Wednesday, 25 February 2009

Juande vs. Rafa: A tale of two personalities

An article in El País contrasts the character and personality of the two coaches in tonight's Champions League clash between Real Madrid and Liverpool.

Four players who played under both men give their opinions, and it makes for fascinating reading, especially if, as has been rumoured on occasion, Rafa Benítez makes the move at some time back to Spain to coach Real Madrid, where he spent over a decade as a player and then coach of the youth teams.

José Miguel González, Josemi, spent six months recovering from a knee injury in his only season at Liverpool in 2004-05. Rafa Benítez never asked how he was. However, Juande Ramos, who coached him at Málaga used to talk to him constantly.

"Juande is a better person", says Josemi, now at Mallorca. "Rafa does his own thing. He worries about the game, studies the opponent's moves... but he doesn't do much on a day to day basis with his players. With Juande, those on the subs bench are happier, because he looks after them and constantly makes comparisons to put pressure on the starting eleven."

"Rafa used an expression we found painful: 'A substitute with a substitute is more of a substitute', says Palop, who played under Benítez at Valencia before ending up at Sevilla under Ramos.

"Benítez is a great coach, but on a personal level I felt I didn't exist; I was only there to train. Never a word to see how I felt. He would surround himself with the most important players and completely ignore the rest." Palop adds that this contrasted with Juande who "bonded with the players and was ready to give a chance to everyone without making a distinction".

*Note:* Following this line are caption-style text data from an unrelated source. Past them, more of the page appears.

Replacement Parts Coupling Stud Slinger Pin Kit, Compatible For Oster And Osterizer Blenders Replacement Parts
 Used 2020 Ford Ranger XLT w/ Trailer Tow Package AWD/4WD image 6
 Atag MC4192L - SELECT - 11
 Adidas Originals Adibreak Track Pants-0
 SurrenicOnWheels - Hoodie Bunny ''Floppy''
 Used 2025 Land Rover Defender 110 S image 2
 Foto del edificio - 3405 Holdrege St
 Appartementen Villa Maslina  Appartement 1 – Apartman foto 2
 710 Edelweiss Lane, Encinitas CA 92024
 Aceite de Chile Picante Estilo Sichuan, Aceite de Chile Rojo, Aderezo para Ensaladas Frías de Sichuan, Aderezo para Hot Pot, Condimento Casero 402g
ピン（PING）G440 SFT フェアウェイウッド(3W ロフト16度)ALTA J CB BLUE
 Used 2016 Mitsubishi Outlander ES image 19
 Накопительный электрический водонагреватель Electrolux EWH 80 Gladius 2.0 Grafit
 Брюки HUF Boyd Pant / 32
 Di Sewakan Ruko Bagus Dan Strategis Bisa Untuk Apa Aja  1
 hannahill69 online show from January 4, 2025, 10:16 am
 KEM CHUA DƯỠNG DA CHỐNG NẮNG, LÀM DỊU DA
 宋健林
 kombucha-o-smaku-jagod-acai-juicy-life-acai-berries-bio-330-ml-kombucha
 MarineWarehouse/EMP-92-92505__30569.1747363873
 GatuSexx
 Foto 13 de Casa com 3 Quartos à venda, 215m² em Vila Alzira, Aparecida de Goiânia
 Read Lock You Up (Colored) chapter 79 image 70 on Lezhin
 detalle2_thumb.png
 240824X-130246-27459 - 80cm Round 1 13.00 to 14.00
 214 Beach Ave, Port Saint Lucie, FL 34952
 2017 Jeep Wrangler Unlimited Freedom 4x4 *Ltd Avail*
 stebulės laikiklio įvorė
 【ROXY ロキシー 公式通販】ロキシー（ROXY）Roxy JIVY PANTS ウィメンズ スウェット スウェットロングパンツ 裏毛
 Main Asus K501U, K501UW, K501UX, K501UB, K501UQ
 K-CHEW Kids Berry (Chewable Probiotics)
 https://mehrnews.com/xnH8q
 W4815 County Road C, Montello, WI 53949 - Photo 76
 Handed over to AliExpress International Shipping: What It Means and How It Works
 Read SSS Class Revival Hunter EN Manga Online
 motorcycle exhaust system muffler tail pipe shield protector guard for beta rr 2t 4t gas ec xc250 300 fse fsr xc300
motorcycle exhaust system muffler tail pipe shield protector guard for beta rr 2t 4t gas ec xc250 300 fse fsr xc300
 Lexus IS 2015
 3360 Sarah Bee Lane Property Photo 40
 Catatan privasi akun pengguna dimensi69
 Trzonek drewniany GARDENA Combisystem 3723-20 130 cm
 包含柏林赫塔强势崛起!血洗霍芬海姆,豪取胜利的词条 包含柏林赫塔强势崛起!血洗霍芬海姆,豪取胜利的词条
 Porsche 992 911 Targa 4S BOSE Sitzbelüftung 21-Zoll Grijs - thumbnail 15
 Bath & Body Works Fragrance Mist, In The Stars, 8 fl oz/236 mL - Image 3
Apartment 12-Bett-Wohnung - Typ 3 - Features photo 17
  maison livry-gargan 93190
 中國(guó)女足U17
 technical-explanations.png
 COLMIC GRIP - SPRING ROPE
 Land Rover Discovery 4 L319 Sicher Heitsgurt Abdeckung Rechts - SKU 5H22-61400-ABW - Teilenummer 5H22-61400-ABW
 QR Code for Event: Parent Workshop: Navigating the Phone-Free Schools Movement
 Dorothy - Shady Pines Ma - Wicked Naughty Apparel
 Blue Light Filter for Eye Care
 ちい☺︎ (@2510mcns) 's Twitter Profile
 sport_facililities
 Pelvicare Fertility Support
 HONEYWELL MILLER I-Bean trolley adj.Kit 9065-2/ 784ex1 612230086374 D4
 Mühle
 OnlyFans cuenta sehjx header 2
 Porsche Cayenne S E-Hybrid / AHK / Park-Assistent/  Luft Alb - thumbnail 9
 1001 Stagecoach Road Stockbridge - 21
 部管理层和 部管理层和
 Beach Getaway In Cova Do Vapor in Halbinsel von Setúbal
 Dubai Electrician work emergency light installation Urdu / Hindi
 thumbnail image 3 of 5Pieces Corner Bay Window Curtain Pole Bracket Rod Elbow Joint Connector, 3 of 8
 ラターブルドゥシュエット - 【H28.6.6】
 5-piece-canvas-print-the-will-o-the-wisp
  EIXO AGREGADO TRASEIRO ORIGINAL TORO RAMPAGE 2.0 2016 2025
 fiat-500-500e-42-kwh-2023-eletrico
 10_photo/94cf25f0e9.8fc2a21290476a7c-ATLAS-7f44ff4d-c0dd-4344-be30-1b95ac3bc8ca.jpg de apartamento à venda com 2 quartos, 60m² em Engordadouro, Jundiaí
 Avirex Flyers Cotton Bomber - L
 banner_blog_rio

The Liverpool captain, Steven Gerrard, shares this view in his autobiography: "Benítez is not cold towards me, just detached. Rafa doesn't think he needs close bonds with players, even the captain. But respect flows naturally between me and Rafa: he's the manager, I'm a player. Everything Rafa says and does is designed to strengthen Liverpool. Twenty minutes after I lifted the FA Cup, Rafa was downstairs talking to the press and telling them Liverpool could have won it without me. 'I don’t think we would have lost if we didn't have Stevie,' he said, 'because we have played a lot of games without him.' I'd scored two good goals and banged in a penalty, which was not a bad afternoon's work, but I understood Rafa. The gaffer was not belittling my contribution, as some people thought, he was just saying that the team is everything, that his number eight is simply a cog in the Liverpool machine. Fair enough."

"Juande gives you a lot more freedom, both inside and outside the pitch", adds Mallorca midfielder Martí who played with Benítez in his stint at Tenerife and then with Juande at Sevilla. "They're both natural winners, incredibly intelligent and able to adapt to their squad and their opponents. Juande always wants to score a second after the first, whereas Benítez is more calculating."

Palop says that Benítez "does not miss a thing. He gives you a lot of information, sometimes too much. One day he told us everything about the Basle keeper. Juande tells you what you need to know and no more. But Benítez always had an ace up his sleeve with his line-ups. Juande is more predictable".

César, the Valencia goalkeeper is grateful to Benítez for giving him his Primera División debut at Valladolid. Juande on the other hand brought him to Tottenham Hotspur for his Premiership debut. "They're both extremely hardworking," he says "I met Rafa when we were both very young. He was ahead of his time, both with his analyses and in his use of the computer."

"Juande is a great guy. Over two legs he's very dangerous, as he showed at Tottenham, winning the Carling Cup, and at Sevilla, with back-to-back UEFA cups. Real Madrid will be making a big mistake if they let him go," concludes César.

3 comments:

isi_777 said...

Another great blog, interesting reading indeed.

I think there is a slightly ignorant attitude towards Juande Ramos in Britain based on his time at Tottenham. For me, this has more to do with his non-use of the English language than it has to do with his so-called 'failure' or direct results, style of play etc. I suppose speaking Spanish in public meant his identity could not really be communicated and this is a shame (although maybe this action alone says something about his personality or, at least, his attitude towards the media?)

As a non-Spanish speaker, it means any interview I heear or read regarding Spanish football is diluted through translation. I watch the games in full, of course, but the majority of my 'research' on other aspects tends to come through secondary means. In this sense - and I know this blog has just covered a lot of this - I wonder what you can tell us about Juande Ramos' character?

Gonzalo said...

Hi isi, welcome to the blog.

Juande's attitude towards the media is at least more professional that Sschuster's, but I agree with you that his profile with the British press suffered because of his poor grasp of English (compare this with the way Benitez fit in at Liverpool so quickly)

I can't say much about Juande's character -he's not really been at Real long enough for me to form a strong opinion- but I think that the way the players talk about him is quite illuminating.

kt said...

Juande's spanish players have a bond with him noticeably absent from his Spurs players.

I wonder how Bobby Robson managed it abroad (he never spoke Spanish did he?)where he seemed quite popular. Maybe Mourinho helped.